Law enforcement agencies around the country may see social media as a double-edged sword, but it’s here to stay and must be placed in the tool belts of officers and departments.
According to Dunwoody, Ga., Police Chief Billy Grogan, embracing social media is one of the smartest decisions law enforcement can make today. In an article written for the International Association of Chiefs of Police, Grogan outlined three reasons for this: Social networks offer a natural platform for extending community policing efforts. They provide a way for departments to promote positive accomplishments. And finally, the continuing popularity of these networks simply makes them hard to ignore.
“The need is there. The people are there,” Grogan wrote. “Why aren’t you and your department?”
Investigations: The Good
Lt. Charles L. Cohen of the Indiana State Police has been training state and local police agencies on social media usage since 2002. He said that while criminals are using mobile devices to hide their activities, social media offers huge benefits to law enforcement.
“Investigative targets are putting a lot more information voluntarily online,” said Cohen. “It’s readily available and helps us paint a true and accurate picture of what individuals are doing.”
For example, pertinent information can be learned if a member of a criminal organization attends a family reunion and then a video of it is uploaded to YouTube. “That helps investigators put faces with street names and put people in association with others, when you ordinarily wouldn’t be able to do that,” Cohen said. “Even five years ago, if you wanted to show an association between two people, you had to do surveillance. Now you can just go to blogs, video or image sharing sites, and in many cases, find those pictures.”
Images on social media sites also often yield other information of interest to the investigator. Photo background information was used last year to find a child pornographer and his victim, Cohen said. Metadata and geotagging of images can help locate where and when photos were taken.
And it’s not just social media that’s providing easily available information. Investigators also can get help from government websites, which now provide large amounts of information online. “Most assessors’ offices [and] most county recorders put information on the Internet about your house,” Cohen said. “You can find out online where I bought my house, when, from whom and how much I paid for it. You can find out who my neighbors are, what my neighbors do for a living — all this information is available.”
Whitcomb explained that checking social networks for information is now routine investigative work. “Let’s say we get a name of a possible suspect in a shooting, would I look to see if that person had a Twitter or Facebook account? Of course I would. It’s just detectives doing good detective work. You need a warrant to go where the public can’t go. But if you can grab it online, you’re good to go. It’s like electronic canvassing — no different from going out door-to-door saying, ‘Did you see or hear anything?’”
Mike Edwards, a special assignments lieutenant with the Seattle Police Department’s Criminal Investigations Bureau, said criminals sometimes think they are anonymous online. “There was a prolific motorcycle thief,” he said. “We found out he had a Facebook page, and he would post photos of himself on the stolen motorcycles. With that evidence, we were able to get a conviction. Some of them he took to chop shops, and we were able to arrest folks in the chop shops as well. So that was purely a social media tool.”

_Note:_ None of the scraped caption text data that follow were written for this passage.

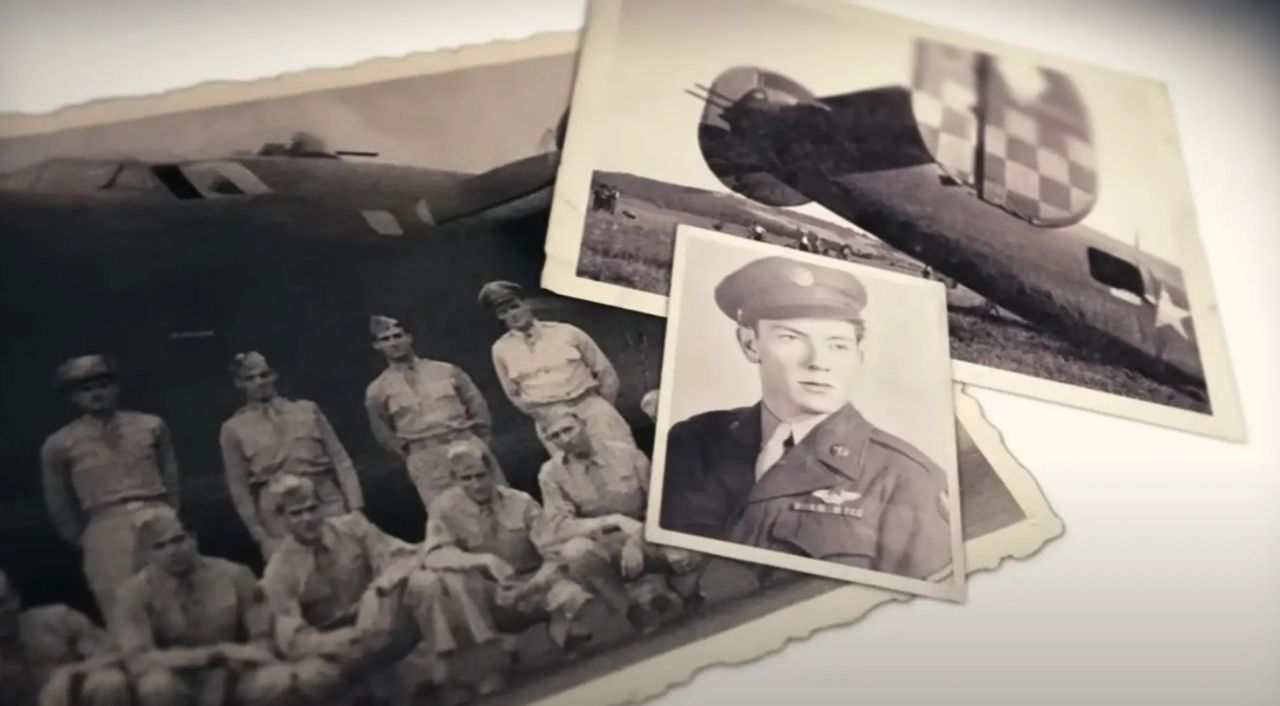 The National Museum of the Mighty Eighth Air Force to Host Special Screening of "Kriegie Kids" with Live Q&A 11 The National Museum of the Mighty Eighth Air Force to Host Special Screening of Kriegie Kids with Live QA 2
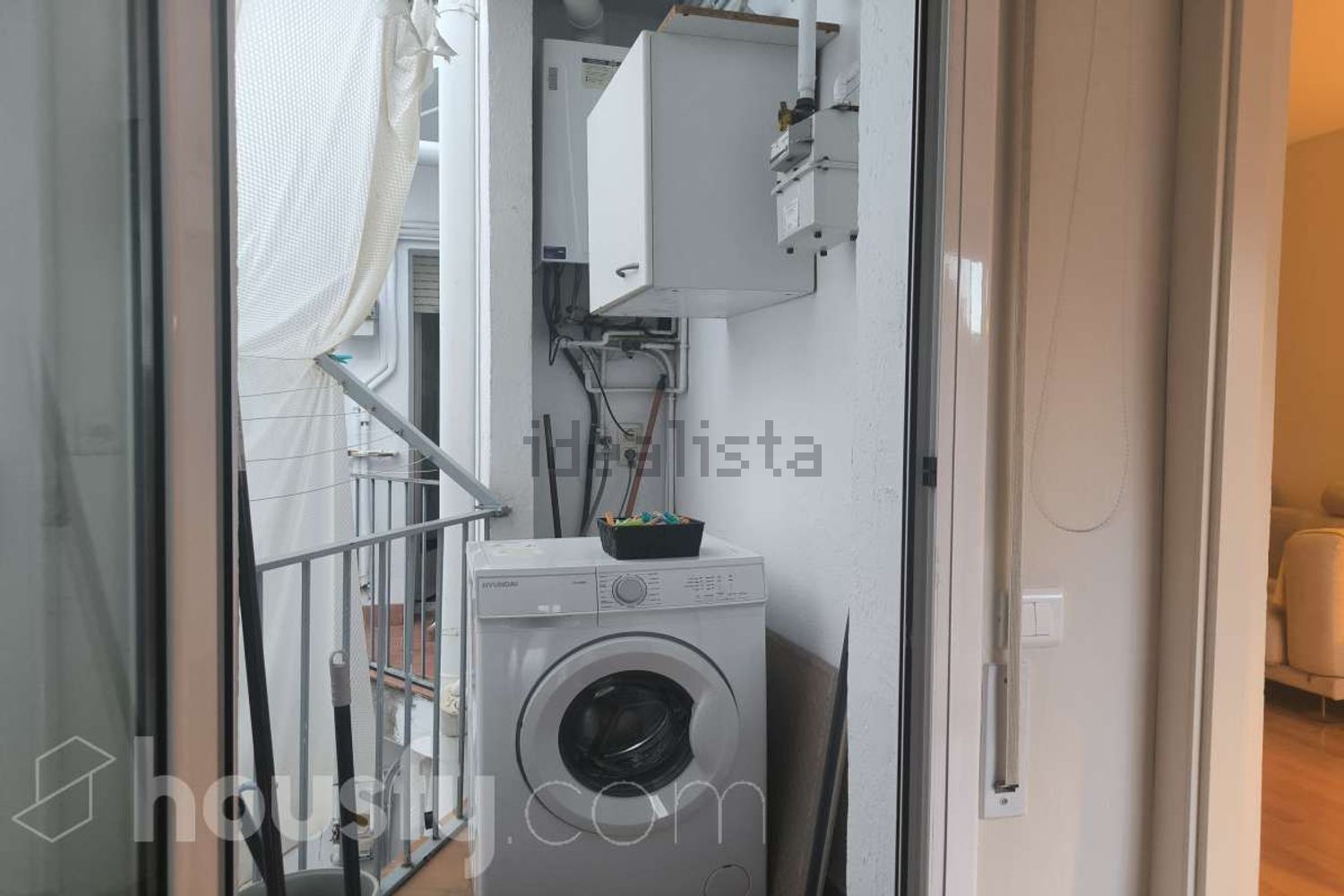 Piso de 91 m² en Tarragona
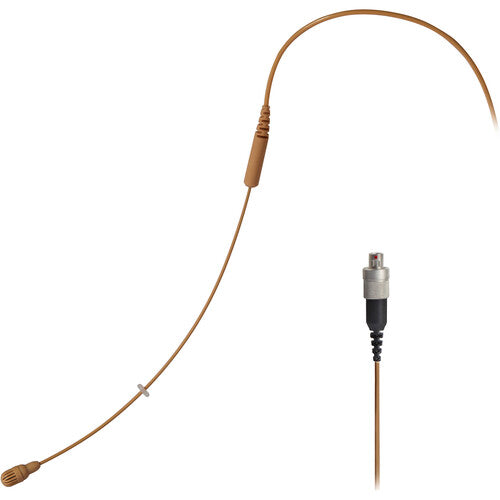 Shure RPM53C/O‑MTQG Replacement Boom Arm with MTQG Connector – Cocoa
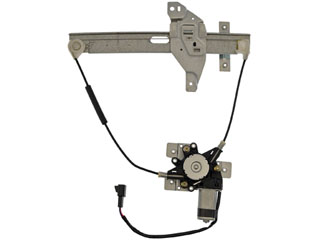 DORMAN 741-622 Window Regulators - GM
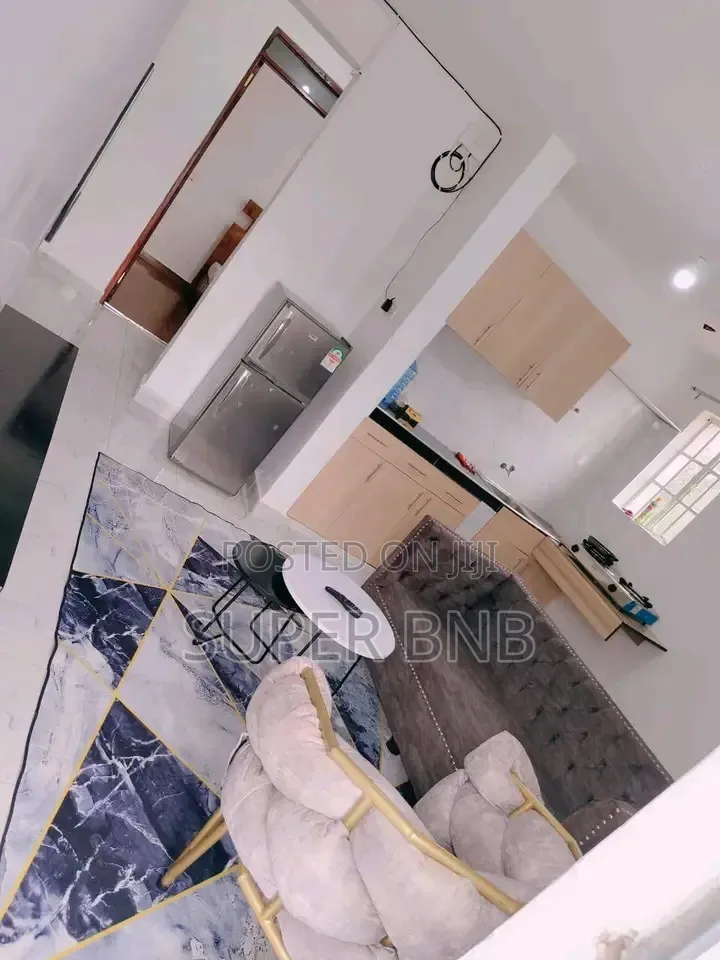 Machakos Airbnb Fully Studio 1,2 Bedroom Airbnb in Machakos ,Isuzu TMD in Junction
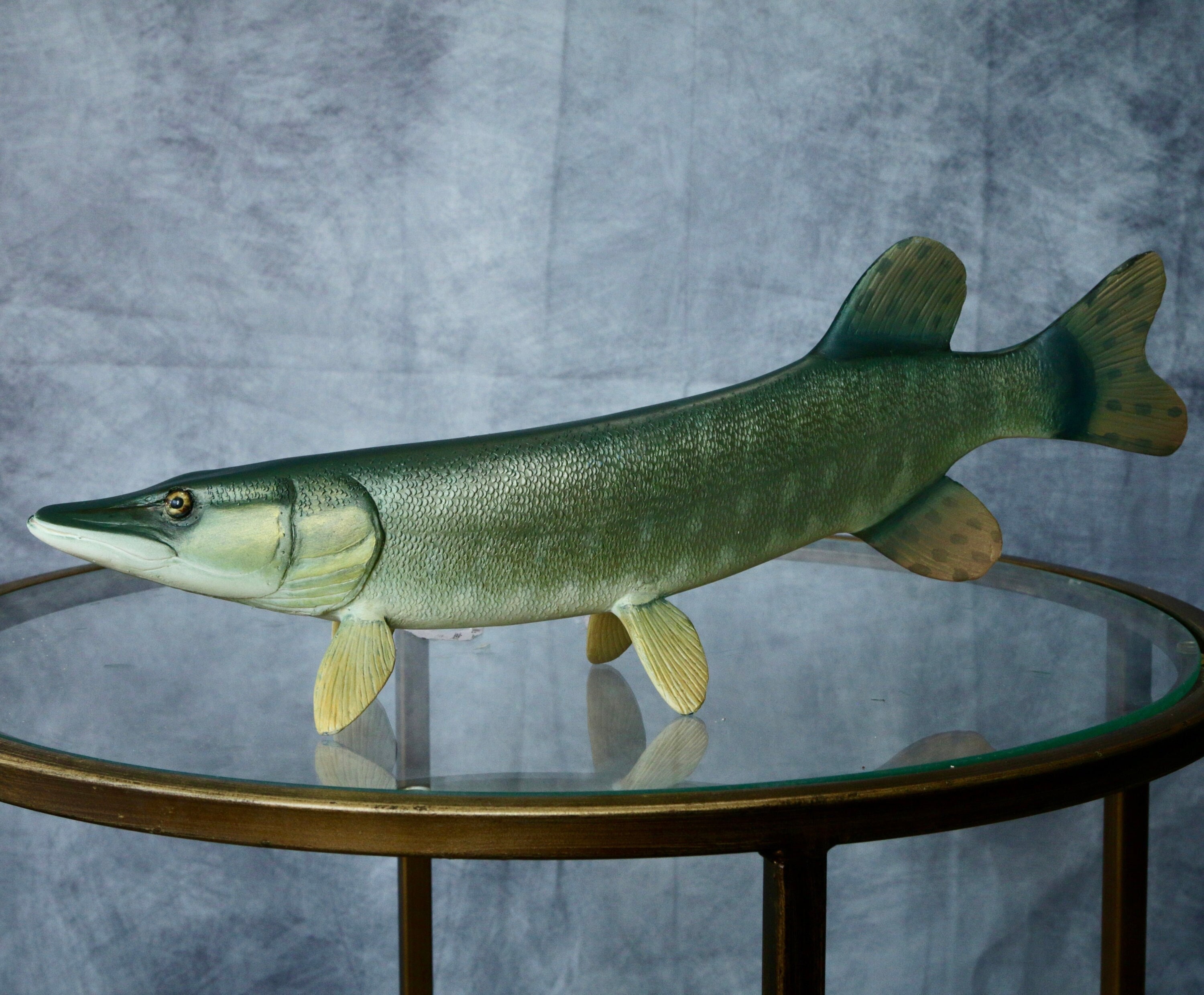 Pike Game Fish -  Canada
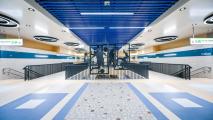 Левскарите се качват на новото метро още за дербито със Славия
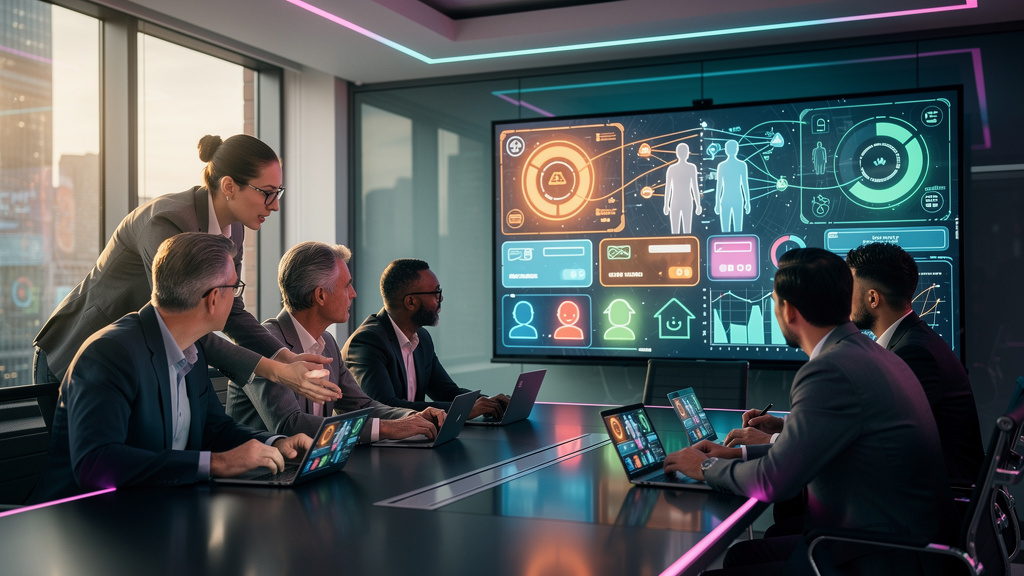 Preparando-se para o futuro da IA Responsável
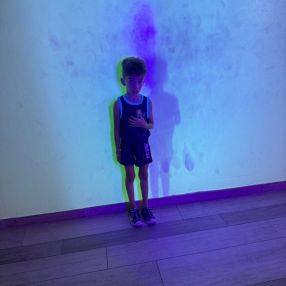Anna, Famiglia a Pisa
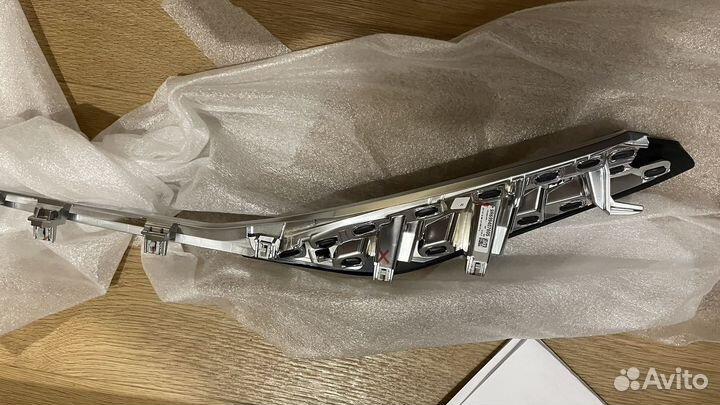 Накладки коленной опоры g20, оригинал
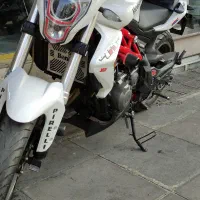 بنلی ۳۰۰ ۹۷ اصلی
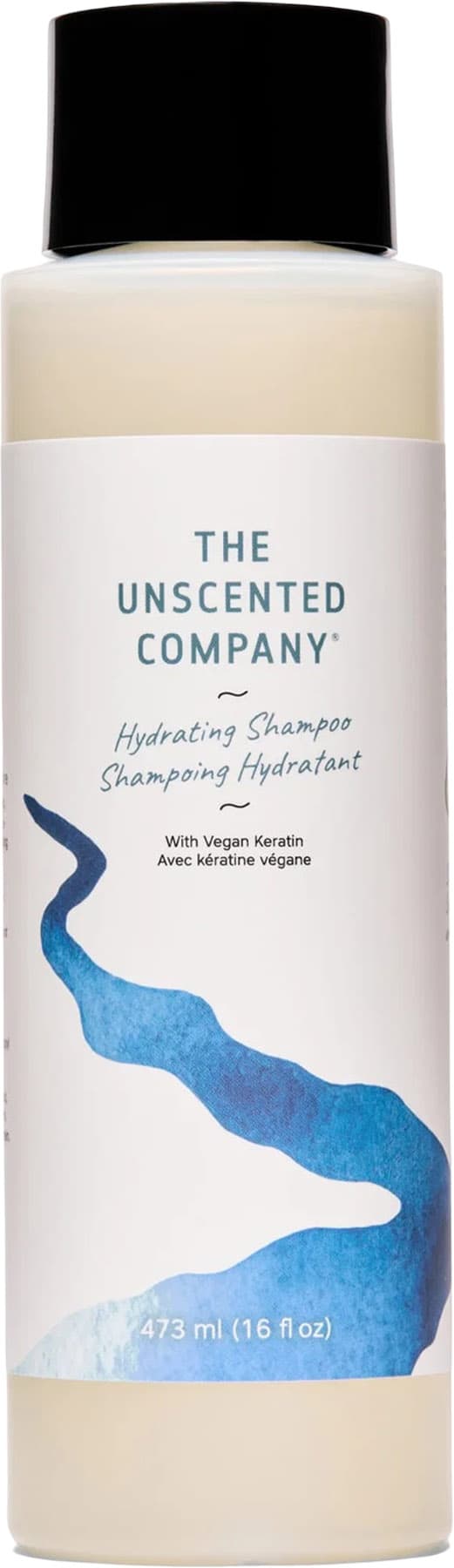 Product image for Fragrance Free Hydrating Shampoo 473ml/16fl oz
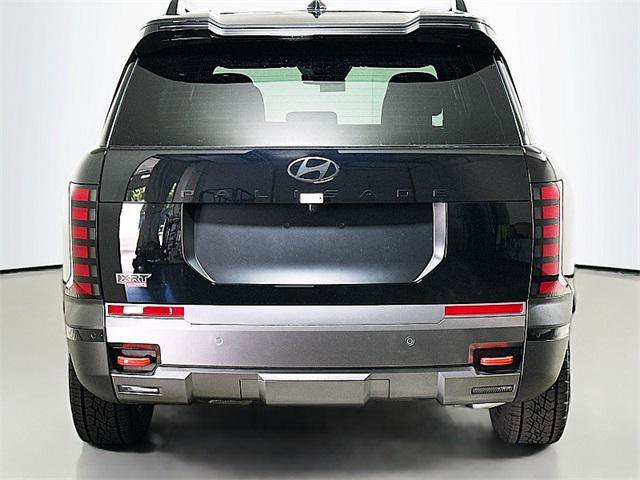 New 2026 Hyundai Palisade XRT Pro image 5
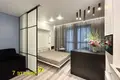Mieszkanie 33 m² Mińsk, Białoruś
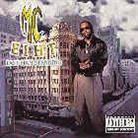 MC Eiht - Last Man Standing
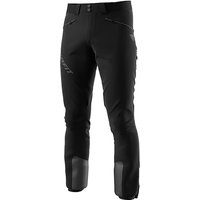 DYNAFIT Herren Tourenhose TLT Touring Dynastretch schwarz | L von Dynafit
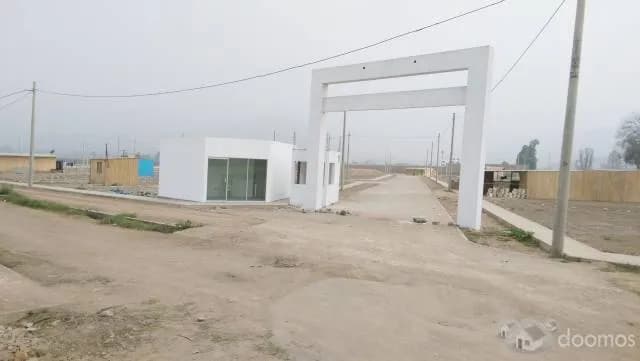 TERRENO A CREDITO CARABAYLLO sepáralo con $ 50 — foto 3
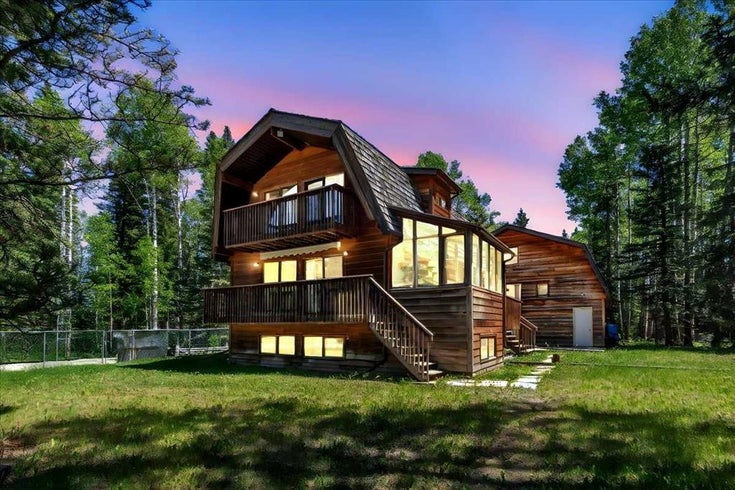 352107 Leisure Lake Drive W - Leisure Lake Detached, 4 Bedrooms (A2225633)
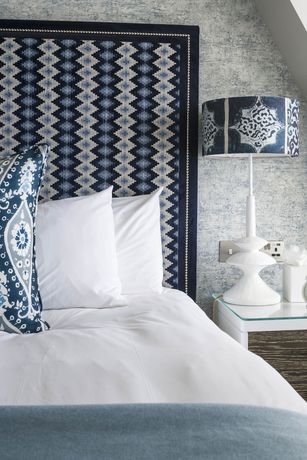 Imagen de la habitación del Hotel Harbour Fowey. Foto 10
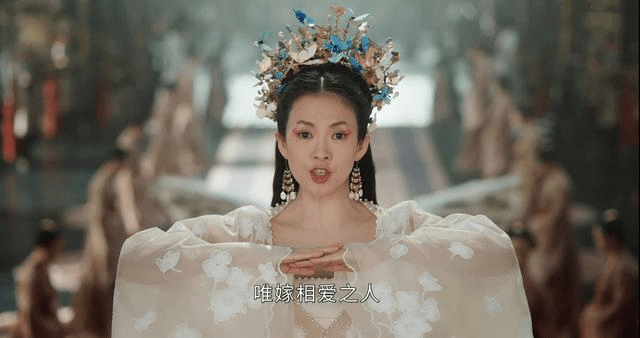 章子怡怼片方?可戏是自己接的,矫情的少女心,不过是怕老的遮羞布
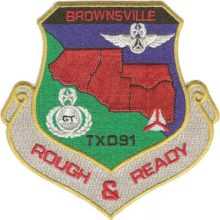 Brownsville Rough and Ready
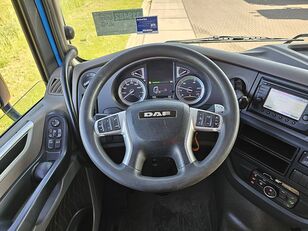 Satılık DAF XF 480 LED 2X TANK MX-BRAKE çekici - Görüntü 12 | Autoline TR DAF XF 480 LED 2X TANK MX-BRAKE çekici | Görüntü 12 - Autoline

Edwards, a 31-year police veteran, said some cases lean heavily on social networking. Another example included a blog post that had references to social media and chat rooms, which detectives determined were being used by a pimp. “We were able to secure the arrest and recover two juvenile prostitutes and reunite them with their families.”
An investigation now, said Edwards, “covers the gamut, from your Craigslist-type postings where it’s seller-to-seller with fraud going on, all the way to an individual who is using social media to share specific criminal knowledge or evidence with other individuals because they’re so darn proud of what they’re doing.”
Seattle police also use social media for early warnings about events that can impact public safety. For instance, city leaders monitored social networks on the proposed Sept. 17 “Day of Rage,” which fortunately didn’t amount to much.
“We want to make sure we’ve got enough staff to ensure that people who demonstrate can do so safely, that traffic can move, and that public safety is achieved,” Whitcomb said. “So that’s just proper planning.”